> _Required action_
Produce a faithful copy of every record below, without the pictures.

*-*-*

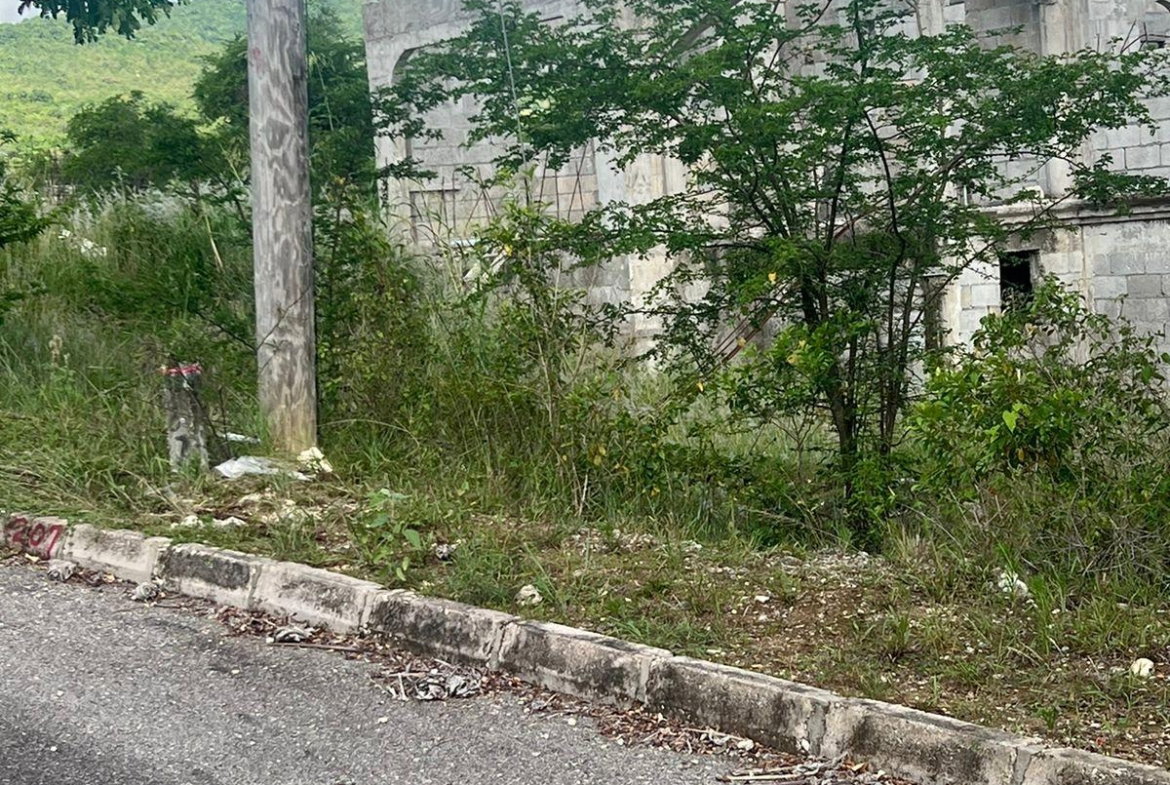 Ninth image of 207 Cashoo, Palmbrook Estate in Lacovia, St. Elizabeth, Jamaica - property is For Sale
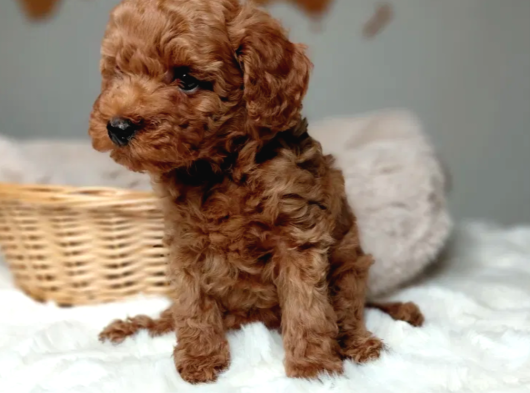 Mükemmel Güzelikte Toy Poodle Bebekler görsel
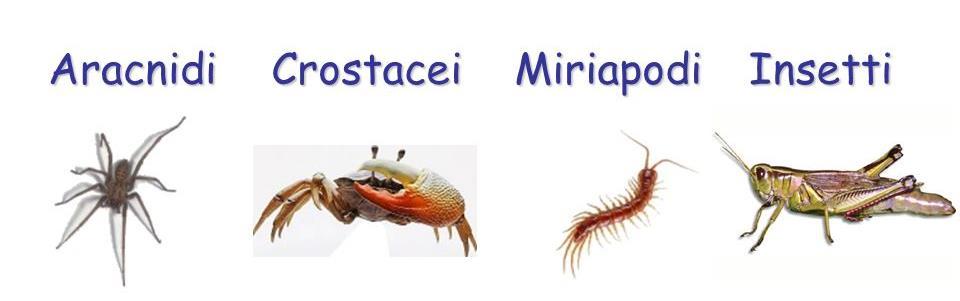 Artropodi L esoscheletro degli artropodi contiene una sostanza organica, detta chitina, che conferisce resistenza e rigidità.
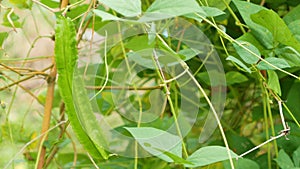 Winged bean or Psophocarpus tetragonolobus L. DC.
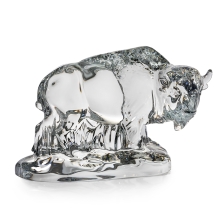 American Bison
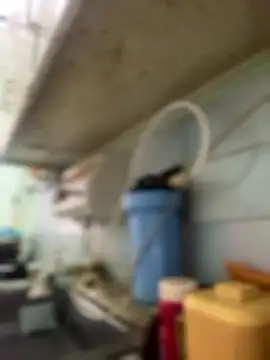 Carola-Ross online show from 01.06.26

*-*-*

> _Answer to the problem_
 Ninth image of 207 Cashoo, Palmbrook Estate in Lacovia, St. Elizabeth, Jamaica - property is For Sale
 Mükemmel Güzelikte Toy Poodle Bebekler görsel
 Artropodi L esoscheletro degli artropodi contiene una sostanza organica, detta chitina, che conferisce resistenza e rigidità.
 Winged bean or Psophocarpus tetragonolobus L. DC.
 American Bison
 Carola-Ross online show from 01.06.26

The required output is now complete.